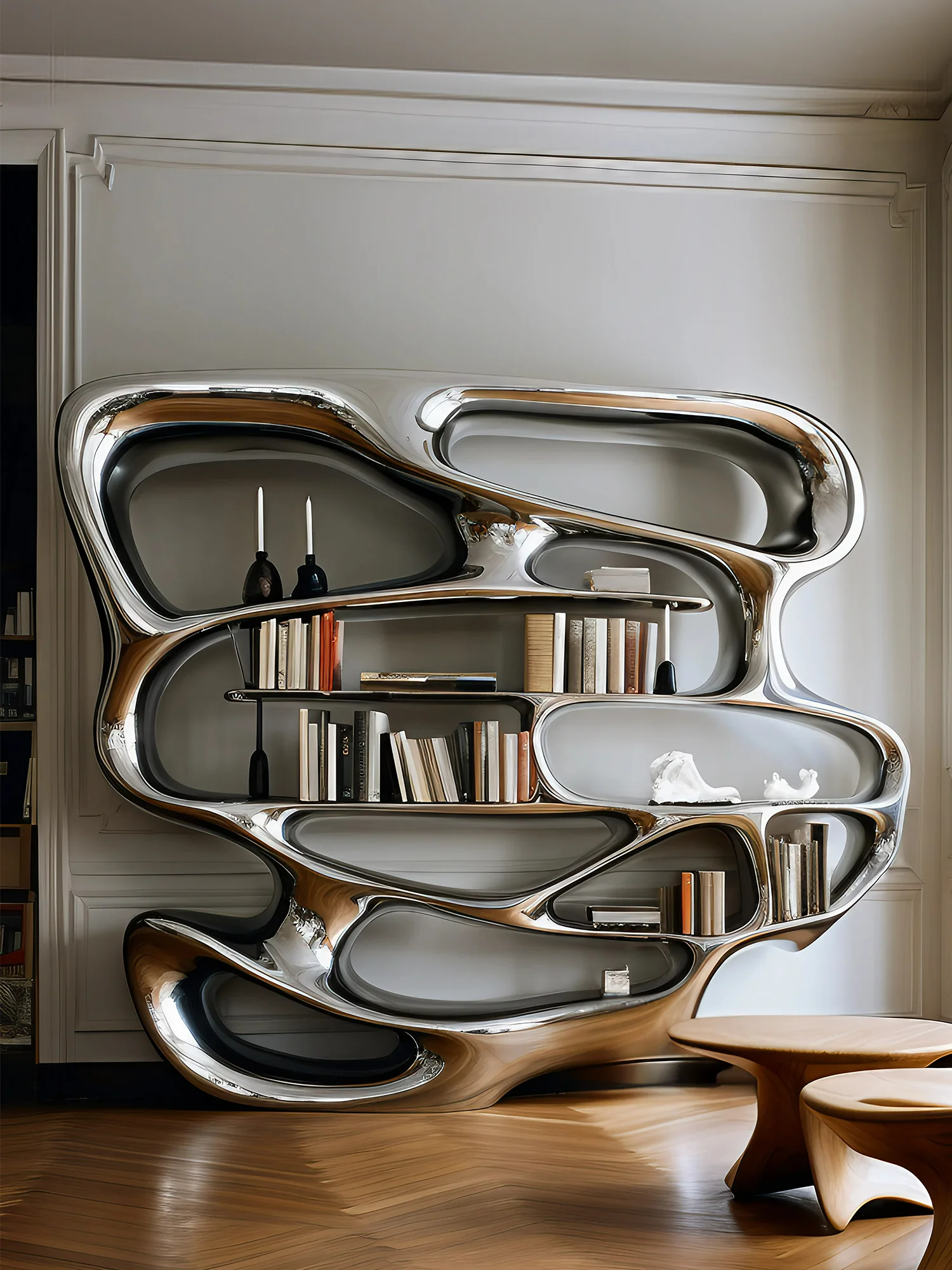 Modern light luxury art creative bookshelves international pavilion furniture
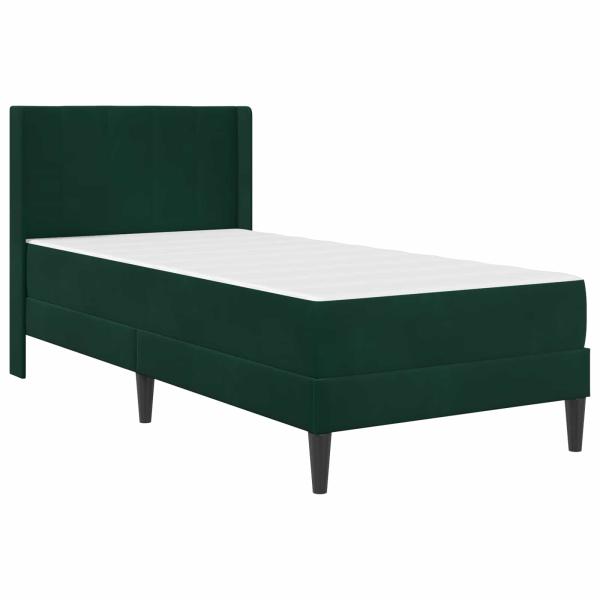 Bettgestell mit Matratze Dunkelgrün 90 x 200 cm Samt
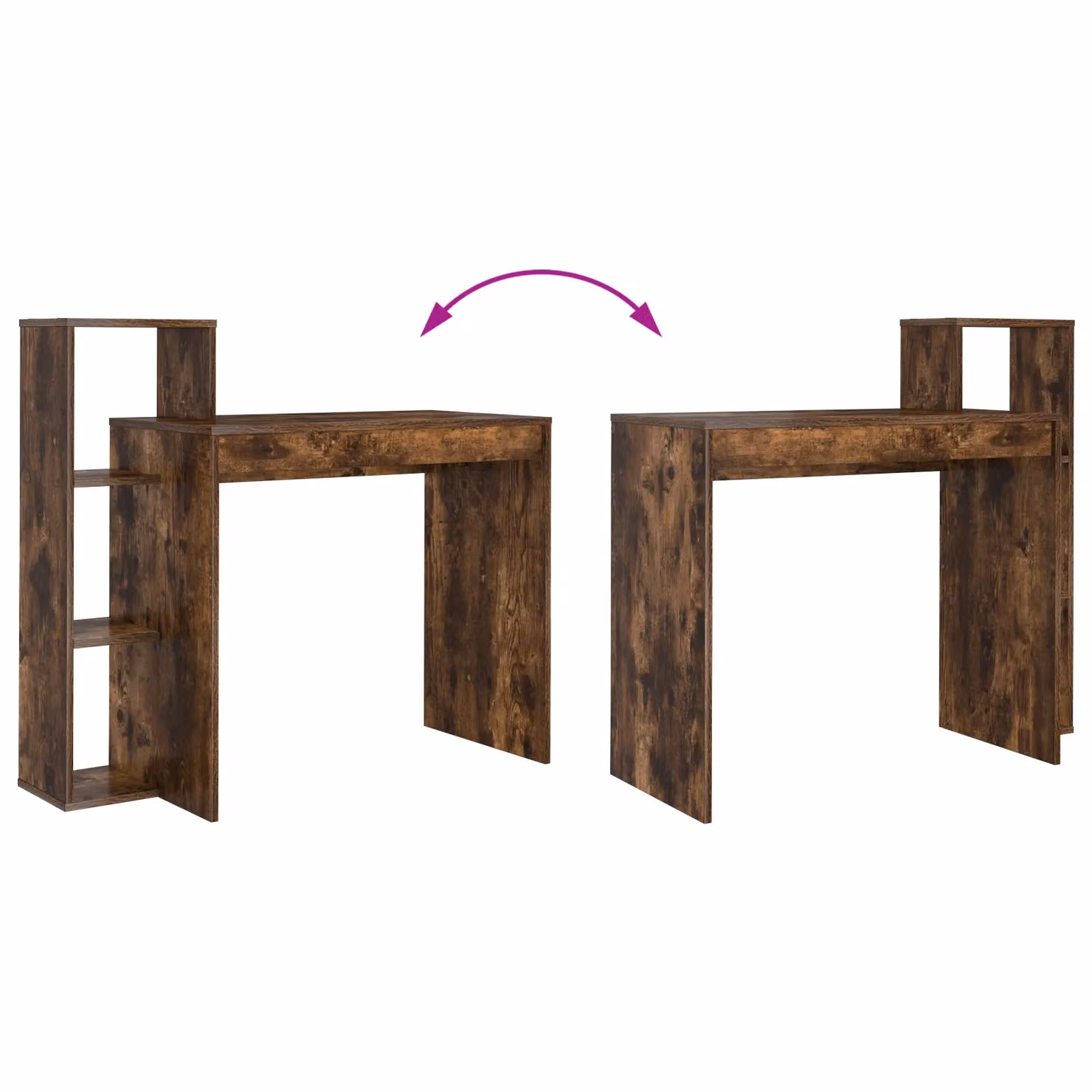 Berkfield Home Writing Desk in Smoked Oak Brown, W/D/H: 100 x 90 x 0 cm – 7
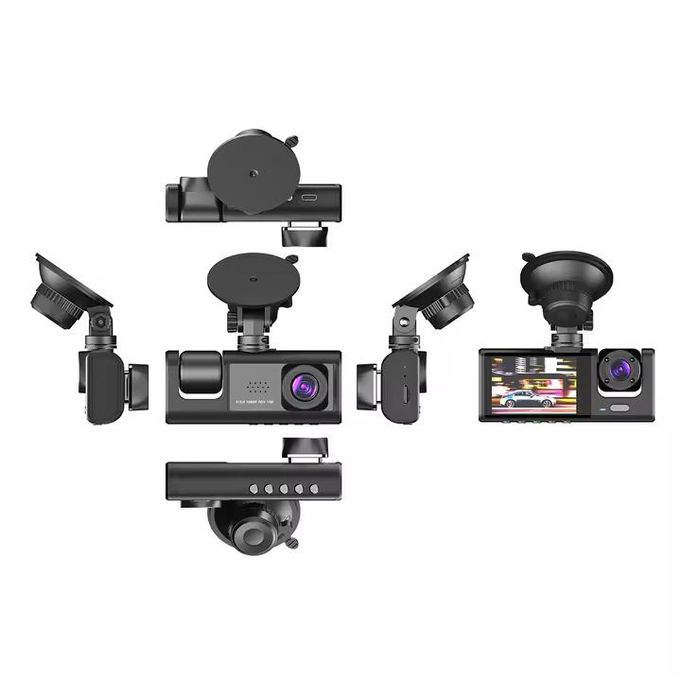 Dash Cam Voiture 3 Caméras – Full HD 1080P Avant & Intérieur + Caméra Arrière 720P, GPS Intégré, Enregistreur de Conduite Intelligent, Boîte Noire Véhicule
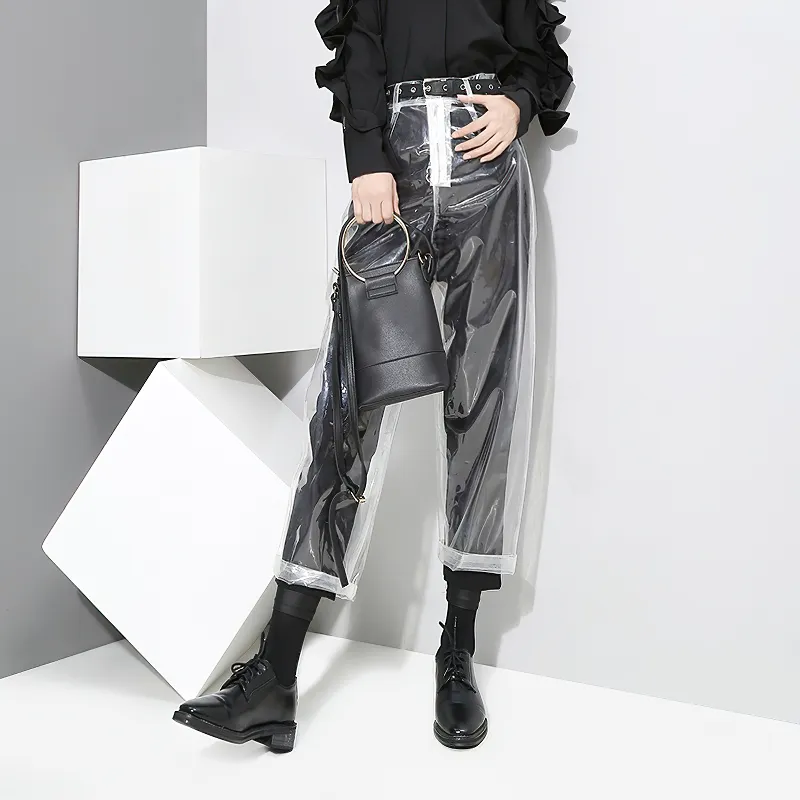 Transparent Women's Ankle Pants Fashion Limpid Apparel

**PROBLEM TO SOLVE**
Each line from the start of the entries above through the line with "Berkfield Home Writing" should be duplicated exactly, leaving out the pictures.

**TASK OUTPUT**
 Modern light luxury art creative bookshelves international pavilion furniture
 Bettgestell mit Matratze Dunkelgrün 90 x 200 cm Samt
 Berkfield Home Writing Desk in Smoked Oak Brown, W/D/H: 100 x 90 x 0 cm – 7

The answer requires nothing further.